別府での湯治2日目、別府駅前でレンタカーを借り、九州自動車道を日田へ向けて走った。土曜日だったが、訪れる人も少なく、里は山あいに静かに生業が営まれていた。
柳はその本で「不便な所で荷を車で出す道さえありません」と書いているが、さすがに今はそんなことはない。しかし、途中の川の様子を見た途端、水害のニュースがよみがえった。2017年の九州北部豪雨に続き、昨年7月に起きた豪雨災害が甚大だったことがわかった。
柳は小鹿田焼について、種類が大変多くて多彩とし、「こういう品物を台所なり食卓なりと置くと、花を活けているのと等しいでありましょう。それに驚くことにいずれも形がよく、醜いものとてはありません」と賞賛している。さらに「おそらくこの日田の皿山ほど、無疵で昔の面影を止めているところはないでありましょう。(中略)それ故昔の窯場がどんな様子であったかを思いみる人は、現にあるこの小鹿田の窯を訪ねるに如くはないと思います」と記している。
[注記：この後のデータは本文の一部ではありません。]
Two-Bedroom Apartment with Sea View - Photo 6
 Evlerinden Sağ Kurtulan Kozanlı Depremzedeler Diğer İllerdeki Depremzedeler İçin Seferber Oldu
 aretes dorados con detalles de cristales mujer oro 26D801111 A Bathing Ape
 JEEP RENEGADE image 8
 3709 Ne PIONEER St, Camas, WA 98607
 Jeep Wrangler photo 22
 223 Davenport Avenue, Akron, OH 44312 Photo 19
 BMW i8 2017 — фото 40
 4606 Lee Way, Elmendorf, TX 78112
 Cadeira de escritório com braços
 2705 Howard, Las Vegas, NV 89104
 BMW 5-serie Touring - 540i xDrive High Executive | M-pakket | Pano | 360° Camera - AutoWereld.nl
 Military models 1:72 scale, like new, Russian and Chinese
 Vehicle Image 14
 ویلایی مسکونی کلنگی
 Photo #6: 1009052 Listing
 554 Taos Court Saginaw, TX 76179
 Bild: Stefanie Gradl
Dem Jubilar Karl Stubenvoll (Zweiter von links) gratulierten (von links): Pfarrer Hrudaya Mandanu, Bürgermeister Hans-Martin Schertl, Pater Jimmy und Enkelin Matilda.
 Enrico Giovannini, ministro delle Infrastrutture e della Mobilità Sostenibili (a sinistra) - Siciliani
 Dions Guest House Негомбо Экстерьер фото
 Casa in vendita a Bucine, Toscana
「手仕事の日本」が世に出たのが1948年というから、柳が訪れたのは戦前のこと。しかし、今訪れてもその佇まいはあまりかわっていないと思わせるほど、里の風景は郷愁を誘う。小鹿田焼の歴史を紹介する陶芸館と窯元のほか、そば屋があるくらいだ。
| 購入した小鹿田焼と小石原焼(奥) |
6寸の皿と小鉢を買った。値段は驚くほど安かった。通販サイトで表示されている半値以下だ。家人の気に入った飯碗を買おうとしたが、さっきまでいた窯元の人の姿が見えない。すぐ横の住まいや作業場に声をかけたが応答なし。残念ながら諦めた。しかし、帰ってから代金とメモを残して持ち帰ってもよかったかなと思い返した。
小鹿田焼は江戸中期、山ひとつ越えた小石原から陶工を招き、始まったとされる。小鹿田を訪れる前の日、別府・鉄輪温泉にある「冨士屋ギャラリー一也百(はなやもも)」のショップでマグカップを買った。てっきり、小鹿田焼だと思ったところ、店の女性に「陶技法を小鹿田の人に教えた小石原に窯を持つ人の作品です」と言われた。思わぬ縁を感じた。
たしかに柳の書いているように、小鹿田焼の器に料理を盛ると、粗菜でも映えておいしく見えるから不思議だ。